» Exercise details: Would you transcribe the data word for word?

*** Opening Dataset extract ***

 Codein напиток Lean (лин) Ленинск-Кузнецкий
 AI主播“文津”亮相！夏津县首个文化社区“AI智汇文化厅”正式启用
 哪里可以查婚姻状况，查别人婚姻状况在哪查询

*** Closing Dataset extract ***

» Written answer:
 Codein напиток Lean (лин) Ленинск-Кузнецкий
 AI主播“文津”亮相！夏津县首个文化社区“AI智汇文化厅”正式启用
 哪里可以查婚姻状况，查别人婚姻状况在哪查询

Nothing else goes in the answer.